● EXERCISE DIRECTIONS
Give again, exactly as written, each line of the material below starting at the line that contains "2026-27 Laivasto Bayern" and ending at the line that contains "Внедорожник / Кроссовер". Both ends count, and no other line does.
───── LISTED ENTRIES
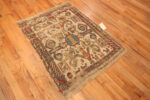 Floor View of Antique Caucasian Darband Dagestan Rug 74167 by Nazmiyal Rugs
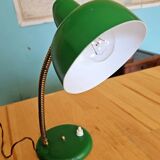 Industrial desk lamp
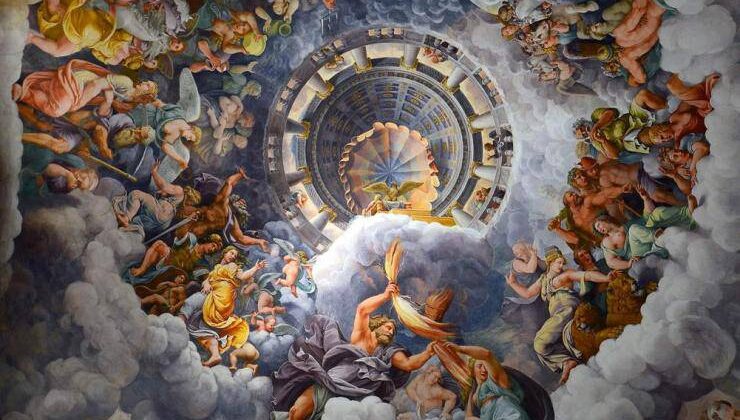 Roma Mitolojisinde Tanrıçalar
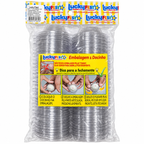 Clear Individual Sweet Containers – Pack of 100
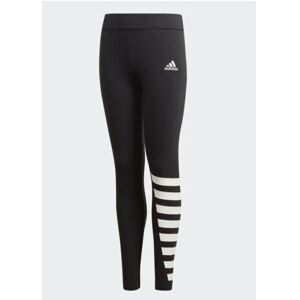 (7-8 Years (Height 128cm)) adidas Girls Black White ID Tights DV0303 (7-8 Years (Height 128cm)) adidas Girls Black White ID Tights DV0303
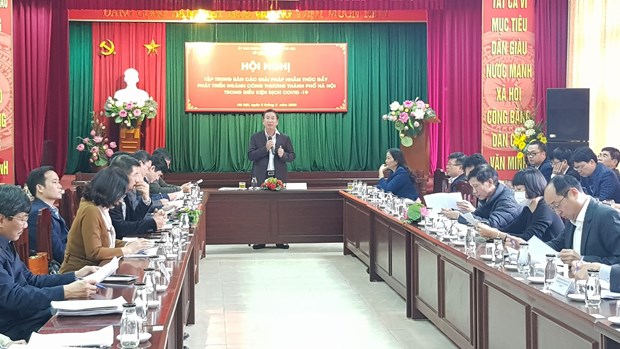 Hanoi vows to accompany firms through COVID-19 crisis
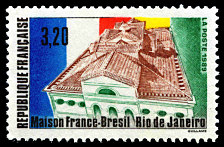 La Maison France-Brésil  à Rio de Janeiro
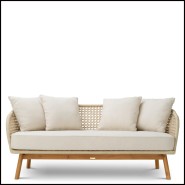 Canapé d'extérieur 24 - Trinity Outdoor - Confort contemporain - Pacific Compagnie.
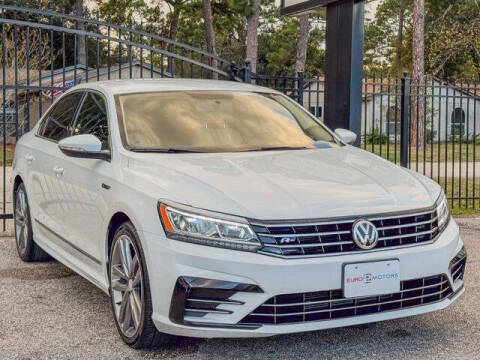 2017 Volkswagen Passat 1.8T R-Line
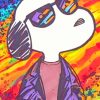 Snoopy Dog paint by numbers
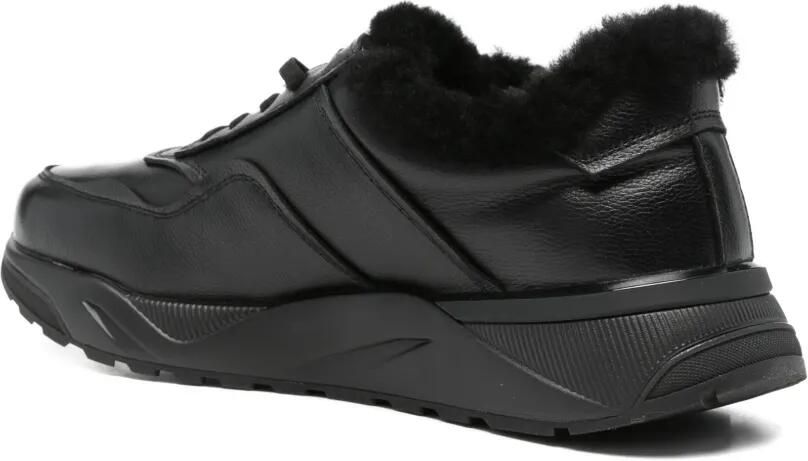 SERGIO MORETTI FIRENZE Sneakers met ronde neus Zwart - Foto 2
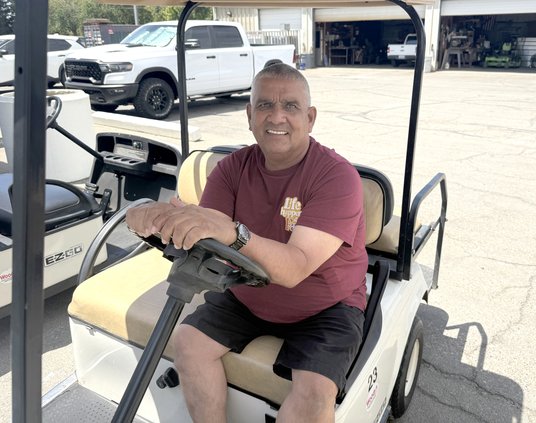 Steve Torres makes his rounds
──────────
───── LISTED ENTRIES
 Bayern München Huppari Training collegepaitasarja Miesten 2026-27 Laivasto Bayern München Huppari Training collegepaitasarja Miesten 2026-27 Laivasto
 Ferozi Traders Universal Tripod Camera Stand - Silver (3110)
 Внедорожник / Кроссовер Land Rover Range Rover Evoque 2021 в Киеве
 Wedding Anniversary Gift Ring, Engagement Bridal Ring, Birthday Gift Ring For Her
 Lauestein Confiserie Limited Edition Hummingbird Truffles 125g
──────────
───── LISTED ENTRIES
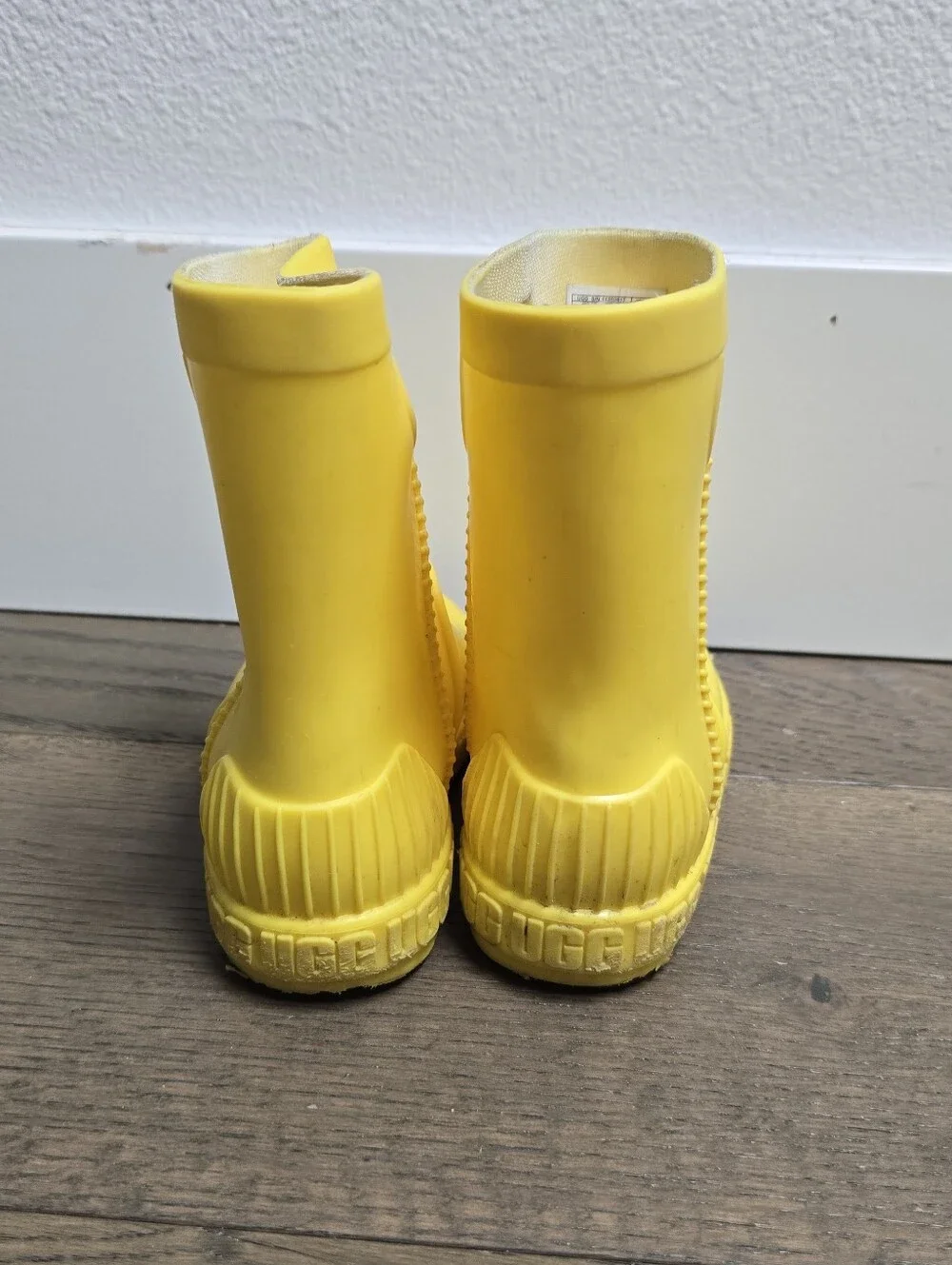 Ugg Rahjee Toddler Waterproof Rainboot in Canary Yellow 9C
──────────
● EXERCISE RESPONSE
 Bayern München Huppari Training collegepaitasarja Miesten 2026-27 Laivasto Bayern München Huppari Training collegepaitasarja Miesten 2026-27 Laivasto
 Ferozi Traders Universal Tripod Camera Stand - Silver (3110)
 Внедорожник / Кроссовер Land Rover Range Rover Evoque 2021 в Киеве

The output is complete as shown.